= DESCRIPTION OF THE TASK =
Count every line in the data below where the word "Lace" appears, then state only that count.

= Crawled caption data =
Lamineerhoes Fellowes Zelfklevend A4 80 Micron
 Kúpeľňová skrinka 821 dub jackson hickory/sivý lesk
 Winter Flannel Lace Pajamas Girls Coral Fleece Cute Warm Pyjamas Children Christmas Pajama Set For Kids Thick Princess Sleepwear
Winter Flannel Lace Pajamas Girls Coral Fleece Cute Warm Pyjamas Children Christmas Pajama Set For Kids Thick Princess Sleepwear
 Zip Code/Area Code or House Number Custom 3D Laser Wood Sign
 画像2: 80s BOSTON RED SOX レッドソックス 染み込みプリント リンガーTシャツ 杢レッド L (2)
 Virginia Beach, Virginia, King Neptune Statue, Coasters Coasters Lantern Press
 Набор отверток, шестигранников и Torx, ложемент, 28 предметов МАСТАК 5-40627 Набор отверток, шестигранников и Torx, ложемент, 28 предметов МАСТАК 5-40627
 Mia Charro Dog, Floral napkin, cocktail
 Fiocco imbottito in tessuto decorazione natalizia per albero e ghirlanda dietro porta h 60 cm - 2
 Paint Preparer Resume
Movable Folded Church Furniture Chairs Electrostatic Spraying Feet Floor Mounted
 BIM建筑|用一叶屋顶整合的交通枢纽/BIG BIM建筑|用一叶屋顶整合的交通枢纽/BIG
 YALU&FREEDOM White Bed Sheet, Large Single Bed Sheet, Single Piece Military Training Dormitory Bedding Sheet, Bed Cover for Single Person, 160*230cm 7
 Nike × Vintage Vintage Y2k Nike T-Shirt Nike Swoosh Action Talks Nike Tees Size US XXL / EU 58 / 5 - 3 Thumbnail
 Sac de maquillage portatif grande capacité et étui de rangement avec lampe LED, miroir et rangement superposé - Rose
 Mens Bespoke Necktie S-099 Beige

= SOLUTION TO THE EXERCISE =
2